Harry snapped the wand in two – or at least, he tried to. The yew wood was fairly pliable and snapped easily, but the phoenix feather core lay on his palm. Its ebony hue was rather odd considering that it came from Dumbledore's phoenix Fawkes, who had red and gold feathers but no black ones.

Harry wondered if the feather was that colour because so much Dark magic had been channelled through the wand or because it was where the Horcrux was. Voldemort could only watch in horrified stupefaction as Harry tipped the contents of the vial on to the feather. It gave off steady, black, scentless fumes which engulfed the astonished Voldemort, until the feather was back to its original scarlet. (Not a settee, or a suttee for that matter, in sight.)

"That's better," Harry muttered. "Now, I think it's only fair if you find out what that Prophecy actually said.

"Tell me," Voldemort commanded.

For a moment, Harry contemplated the temptation of complying. While it would be worth it to see Voldemort's face when he realised he had marked a fifteen-month-old toddler as his equal, it _would_ ruin Harry's perfectly-constructed plans. He had a funny feeling the Reducto Curse wouldn't work on Occlumency barriers.

"No, I don't think so, Riddle," said Harry pleasantly. "You and I are the ones it concerns. Shouldn't we be the only ones to know it? Now that Dumbledore is dead, and the record smashed, I mean. Why don't you let down your Occlumency shields? I'm afraid I couldn't bring my Pensieve with me."

Voldemort's red, slit-like eyes narrowed even further. Suddenly Harry's head felt like it was on fire. He hadn't felt this much pain since, well, ever.

He dimly heard Ginny shout his name as he fell to his knees. Scenes from his life were flashing through his mind, and presumably through Voldemort's as well; all his bad memories – the time Dudley broke his arm, the time he accidentally stood on Ripper the bulldog's tail and Ripper literally treed him while the Dursleys just laughed, and other memories. "That's … not … it," Harry growled out, and tried to concentrate on other memories, ones where he wasn't a victim. Meeting Ron for the first time, saving Hermione from the troll, playing Quidditch, going to Hogsmeade with Ron and Hermione, reading his article in the Quibbler, watching Ron wake up after his poisoning scare, kissing Ginny … Harry could tell that Voldemort was becoming frustrated and nauseated, trying to pull away, but the link between them worked both ways and Harry kept the Dark Wanker in his mind, watching all Harry's schmaltzy memories of love, friendship, and caring.

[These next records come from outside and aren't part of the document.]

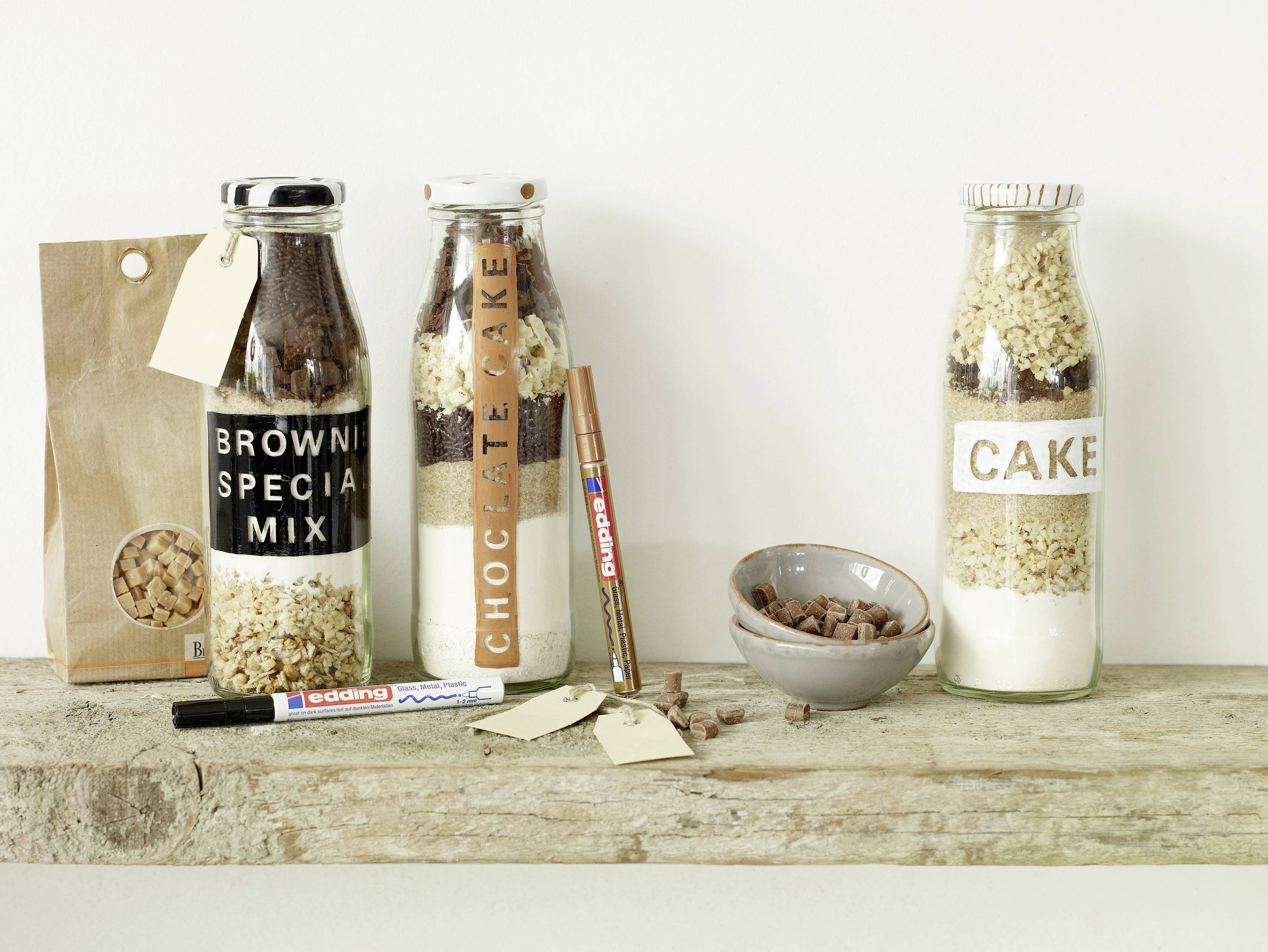 Drei verschiedene Kuchen-Backmischungen in Flaschen auf einem Holzbrett, daneben eine Schüssel mit Kakaobohnen und verschiedene Beschriftungsmaterialien.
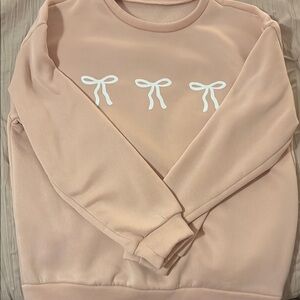 Chic Blush Pink Sweatshirt with White Bow Accents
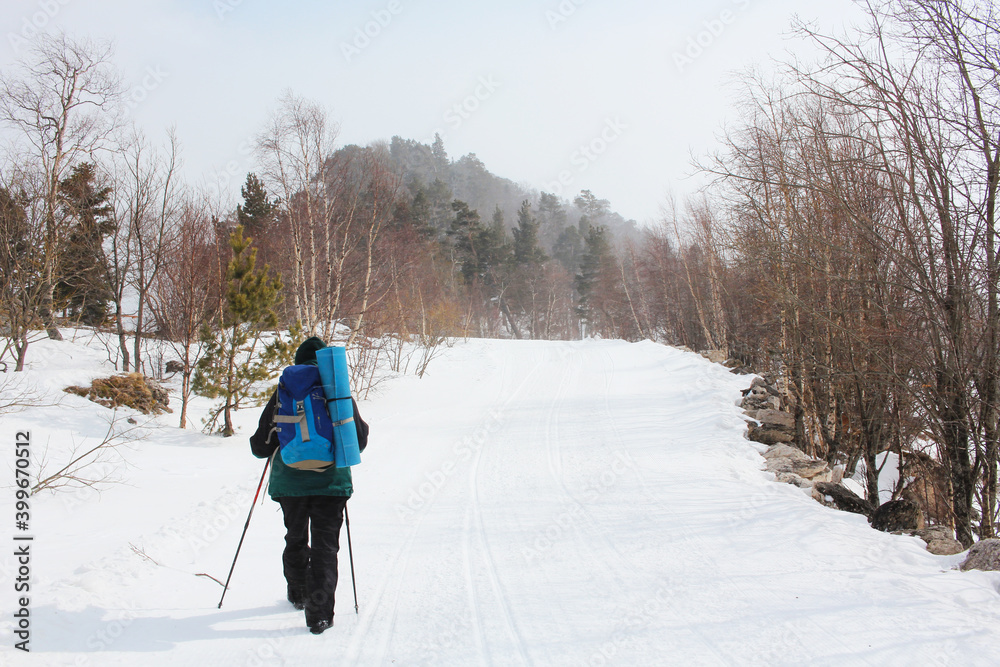 Camping in the winter season. Trekking in the mountains in winter. Active lifestyle. Sports at any time of the year. Mountaineer walk on snow path on forest with trekking pole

"No more!" Voldemort cried, and with an almighty effort he extricated himself from Harry's mind, replacing his Occlumency shields with astounding rapidity.

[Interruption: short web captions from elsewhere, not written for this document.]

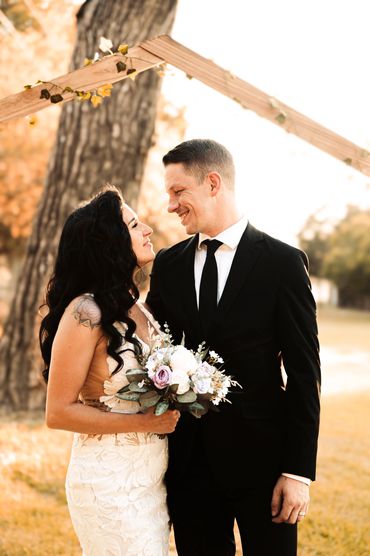 bride and groom pose at the alter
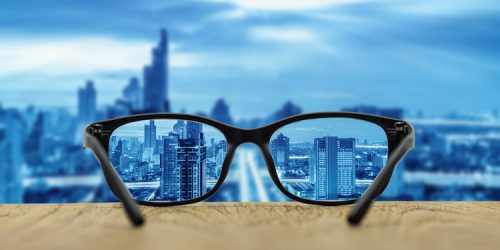 Clear cityscape focused in glasses lenses with blurred cityscape background.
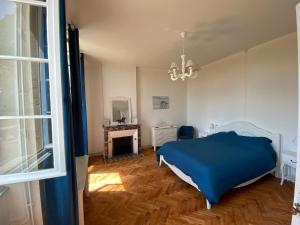 Postel nebo postele na pokoji v ubytování Maison de charme au cœur du vignoble médocain avec un Spa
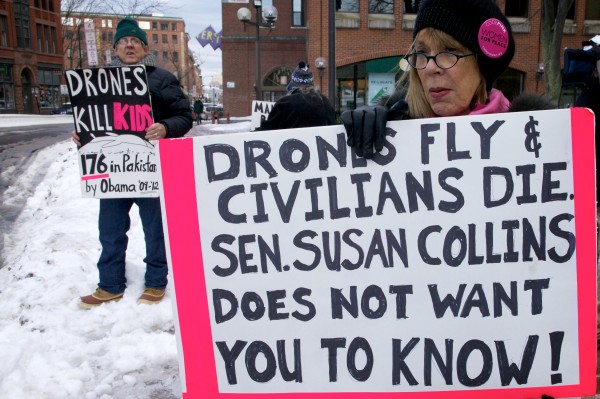 Mark Roman and Pat Taub, protesters with Code Pink, demonstrate outside U.S. Sen. Susan Collins' office in Portland on Monday. Mark Roman and Pat Taub, protesters with Code Pink, demonstrate outside U.S. Sen. Susan Collins' office in Portland on Monday.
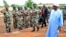 Mali's President Ibrahim Boubacar Keita, right, reviews troops in Kati, near Bamako, after visiting soldiers injured in an attack on their camp in northern Mali earlier in the week that left 11 other soldiers dead, Aug. 6, 2015.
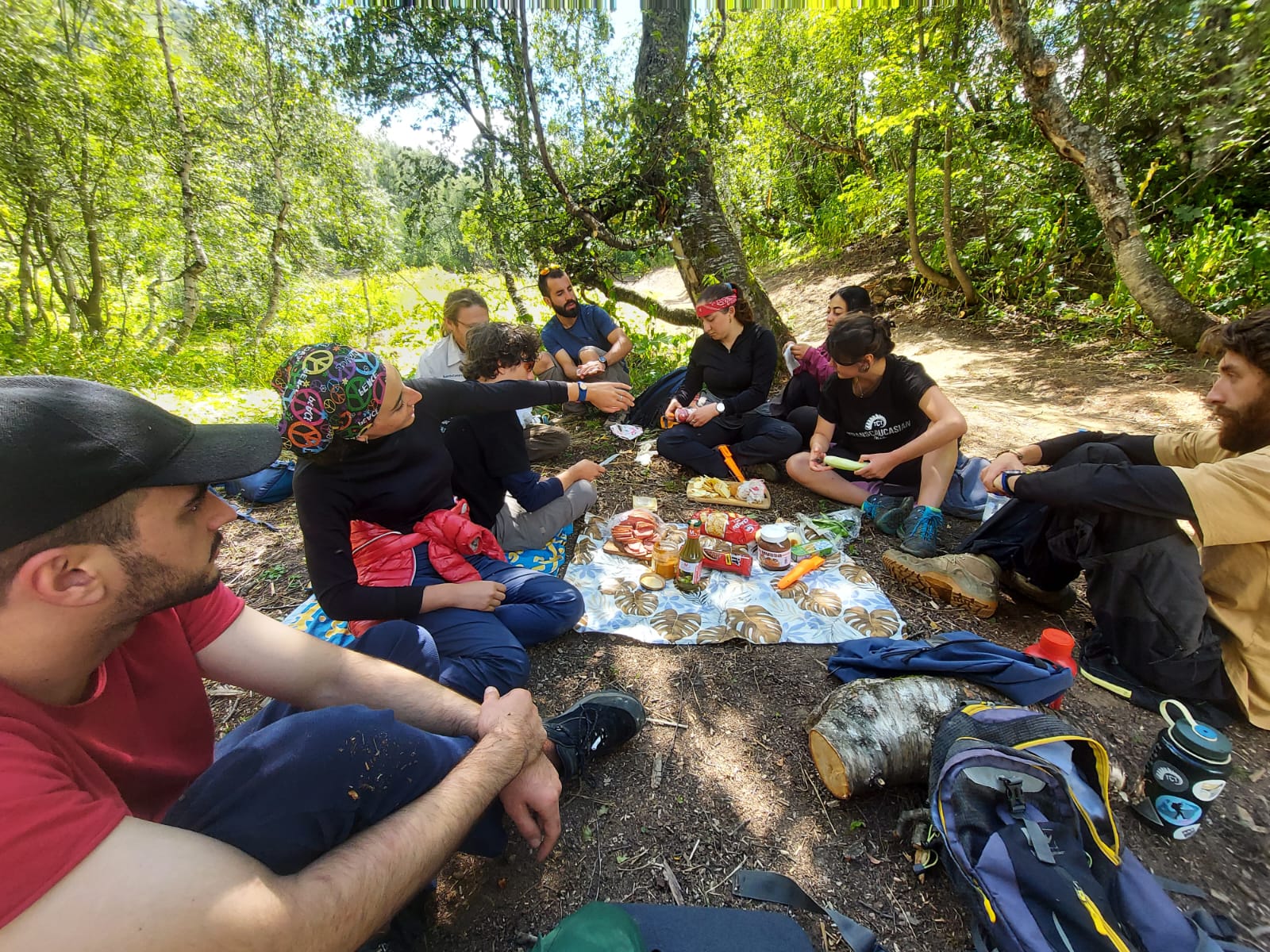 Georgians and Armenians take a break from trail building to share a meal.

Harry got shakily to his feet as Voldemort turned around and retched. "And to think I was actually nervous about this," he sneered as Voldemort turned back to face him, wiping his mouth on his sleeve.

"You didn't show me the Prophecy," Voldemort said accusingly.

"I think you'll find that I did," Harry corrected him. "That _was_ the Prophecy. I can vanquish you because you marked a fifteen-month-old toddler as your equal. Your _equal_, Riddle. I can vanquish you because I have a power that you'll never have. You've never understood love; you've always underestimated it. You have minions. I have friends. You want to live to kill. I want to live, to _live_." He walked forwards and gripped Voldemort's skinny arm. "Let me take you somewhere." He turned sharply, and after a very squashed second or two, Harry felt better even than when Ginny was giving him a massage that morning. So what if they were in a locked room deep in the bowels of the Department of Mysteries at the Ministry of Magic? _Harry_ wasn't claustrophobic.

Voldemort, on the other hand, wasn't holding up so well. Still weakened by what Harry had shown him, the room seemed to be really getting to him. On top of his apparent claustrophobia, this was the locked room that, according to Dumbledore, contained a force 'greater and more powerful than death.' This was the Love Room.

"_And either must die at the hand of the other for neither can live while the other survives_," Harry whispered as Voldemort choked, gagged and writhed around on the floor, more the lunatic snake than ever.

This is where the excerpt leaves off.